GENOVA. 1 LUG. ‘Ndrangheta, rifiuti e favori. L’ormai ex sindaco di Lavagna Giuseppe “Pino” Sanguineti (ex Psi) oggi ha risposto alle domande del pm respingendo le accuse, ma quando il magistrato ha toccato la dolente nota del sostegno alle primarie del Pd (Raffaella Paita risulta del tutto estranea all’inchiesta) e l’inquinamento di tali elezioni, l’indagato ha chiesto la sospensione dell’interrogatorio, che è stato rinviato.

Sanguineti ha spiegato che non ha mai fatto favori e non sapeva che “quelli” ossia i presunti boss, fossero collegati alla criminalità organizzata. In sintesi, gli aveva detto che li avrebbe aiutati solo per toglierseli di torno e loro si sarebbero quindi rivolti all’ex deputata Udc Gabriella Mondello e al vicesindaco Luigi Barbieri.

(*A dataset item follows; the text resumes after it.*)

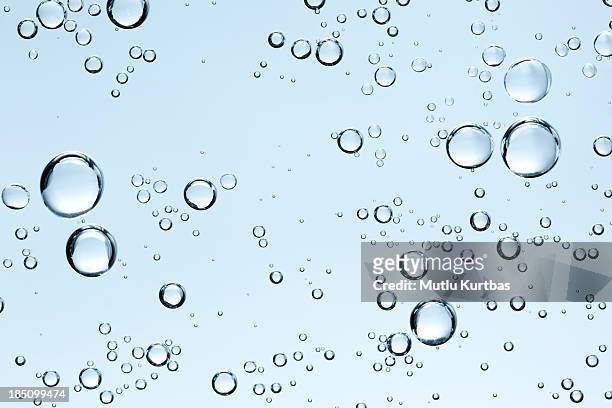 burbujas en el agua clara frescos sobre fondo azul - transparent sphere fotografías e imágenes de stock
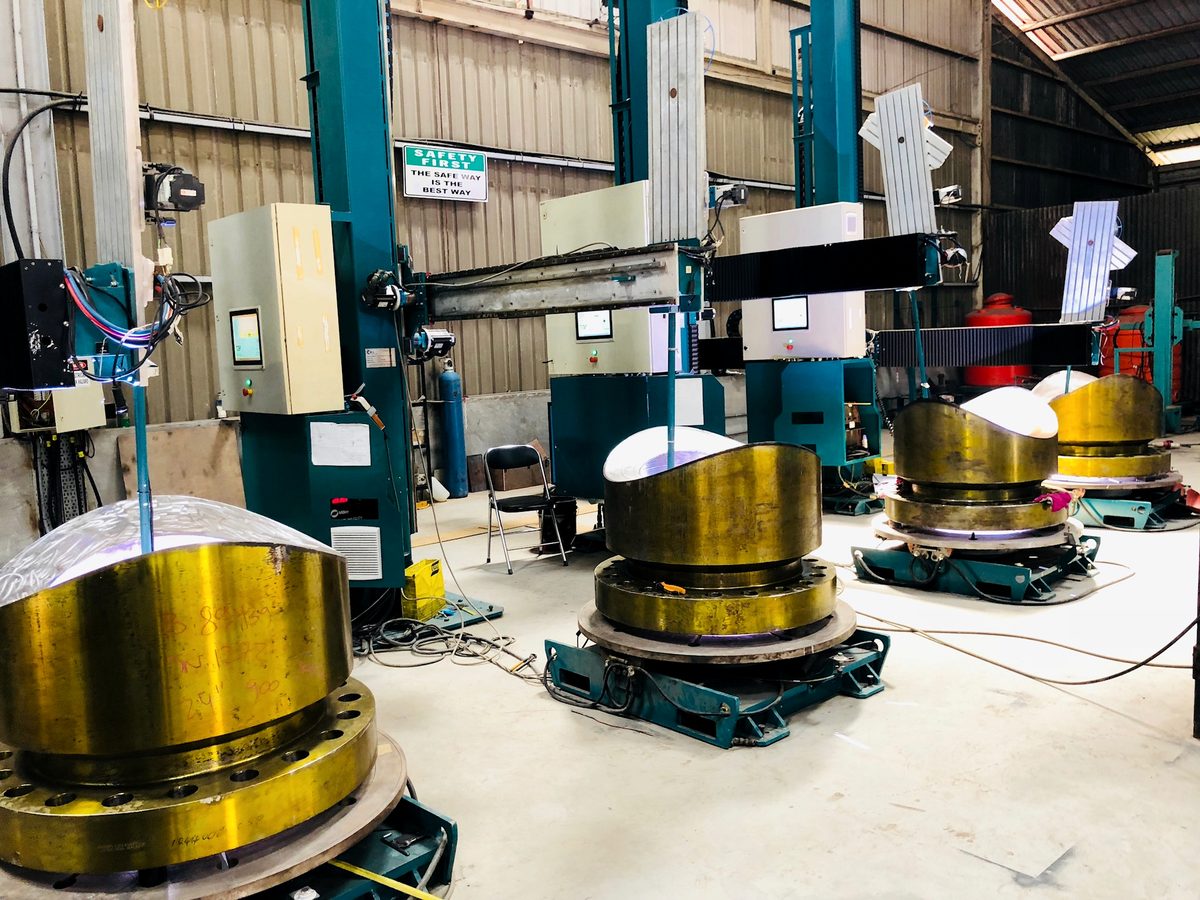 Vertical cladding cells with vessel components mounted on positioners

Secondo l’accusa, le famiglie legate ai presunti boss del clan Rodà-Casile e Antonio Nucera, avrebbero cercato voti per la candidata Raffaella Paita su impulso di Sanguineti, di Mondello e dell’ex assessore della giunta Burlando Giovanni Boitano (Liguri per Paita).

 

Nell’ambito dell’inchiesta della Dda, i presunti boss sono stati arrestati in carcere. Mentre l’ex sindaco Sanguineti è agli arresti domiciliari, come il consigliere della sua lista Massimo Talerico e Gabriella Mondello. L’ex assessore del centrosinistra Giovanni Boitano è indagato a piede libero.

Alle famiglie dei presunti boss il Comune avrebbe “lasciato” la gestione dei rifiuti e quella dei chioschi abusivi sul lungomare della cittadina del Tigullio.